Self-labelled 'Islamic feminists' make grandious claims about Islam being the most respectful religion towards women, the most liberated religion in the world in Muhammed's time (not true arguably, but they seem to overlook the fact that the world's moved on quite a bit since then), etc. If women really have all these rights in Islam why aren't Muslimahs howling about the treatment of women in Afghanistan?
If the Taliban don't represent an accurate picture of Islamic belief as people claim then why do Muslims who further moan that their religion is misunderstood/misrepresented by the West seemingly tolerate (both now and before the US invasion) the most visible example of everything your average Westerner sees as wrong with Islam? Brutal gender apartheid (they make the Saudis look like Ms. subscribers), violent tribalism, homophobia, corporeal punishment for non-violent crimes, drug peddling, gross illiteracy in a religion with a holy text at its centre, etc. Talk about bad press....
British Muslims are furious about the arrest of a handful of people last week suspected of plotting to kill a fellow Muslim (prominent Muslims like head of the MCB had the gall to compare the situation UK Muslims face to that of Jews in Nazi Germany), yet the fate of millions of Afghan women seems to matter nought to them. The same thing with female genital mutilation, the modern day slave trade in North Africa, denial of women's education, honour killings, forced mariages...all 'supposedly' unIslamic if you listen to apologists but whose leads the charge against these crimes at every turn Western feminists and other non-Muslim liberals (and even conservatives).
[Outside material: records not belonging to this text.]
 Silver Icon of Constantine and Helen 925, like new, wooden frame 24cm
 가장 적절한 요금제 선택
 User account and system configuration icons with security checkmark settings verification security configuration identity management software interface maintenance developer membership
But no Muslims and their supporters are too fixated on the Palestinian (who we've seen this week have plenty of fight in them, even if is killing one another) and their anti-Western multicultural political games to care about defenceless victims being brutalized in the name of Islam.
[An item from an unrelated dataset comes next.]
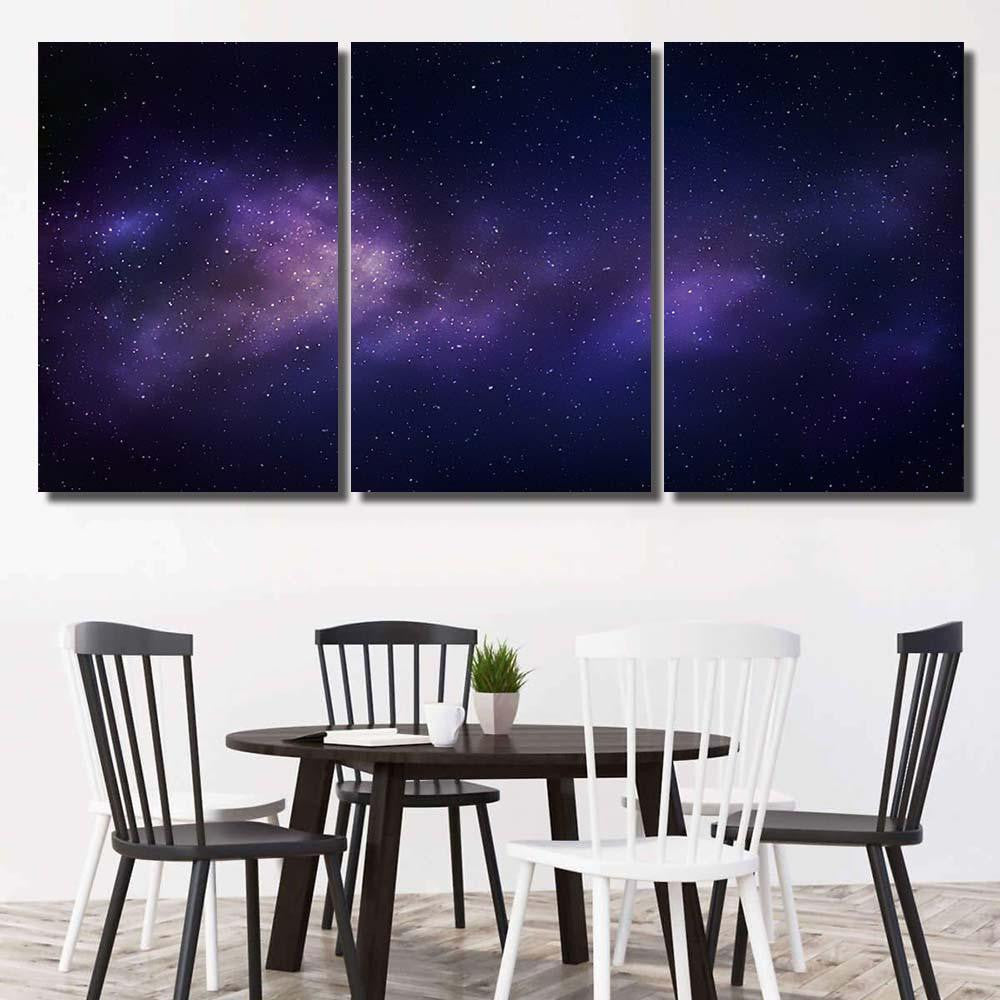 Milky Way Galaxy Stars Space Background 2 Galaxy Sky and Space Multi Piece Panel Canvas Home Decor Housewarming Gift Ideas Poster Canvas Gallery Prints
Sometimes articles have such a jawdroppingly inane premise that one marvels at the mental gymnastics of the author. If I am to understand this article, somehow because 1000+ years of Afghan custom, culture, politics and belief have not been erased in the past 5 years, it is all George Bush's fault? Somehow too I missed the clear instructions on how to accomplish this aim in this article, or perhaps wishing something is supposed to be a substitute for action?
Are women discriminated against in Afghanistan and (in most parts of the country) treated more like chattel than an individual? Yes. Is this due to the tribal culture of the area mixed with an overlay of religious justification? Yes. Is the lack of development in the country caused by the mountainous terrain and lack of resources (with a generous dollop of resistance to change due to the culture) Yes. Are there differences in treatment of women between areas (tribes)? Yes - with the Pashtoon regions being the worst (and not coincidentally, their being the heartland of the Taliban).
I am happy that women have made some progress in Afghanistan since the Taliban were thrown out of power in 2001-2002. And it is not surprising that most of this progress tends to be in the urban areas where the grip of the tribal reins is the loosest. But can we please have some realism here? The fundamental cultural patterns of the Afghan people have not been changed, and short of shooting every male over the age of 2 years old, it is not going to be fundamentally different in the future. There is also a struggle going on in the country between the previous rulers (the Pashtoon) and the rest of the country that has yet to be resolved - a low grade version of the struggle going on in Iraq between the Sunni & Shia factions. The rump Taliban are just taking advantage of this tribal struggle as a means to return to power.
So, in the end, there is no magic bullet to bring this area into a "Western European" norm of culture and human rights without a slow, grinding path to educate the populace and change the old ways. Short of filling the country with a invading army and acting like a reverse Taliban to force all the women to wear bikinis instead of burkas, what would the author suggest is the best answer?
And no, I don't see George Bush leading that fight either.
When you write articles on serious subjects - please don't throw away the small progress to make cheap political points.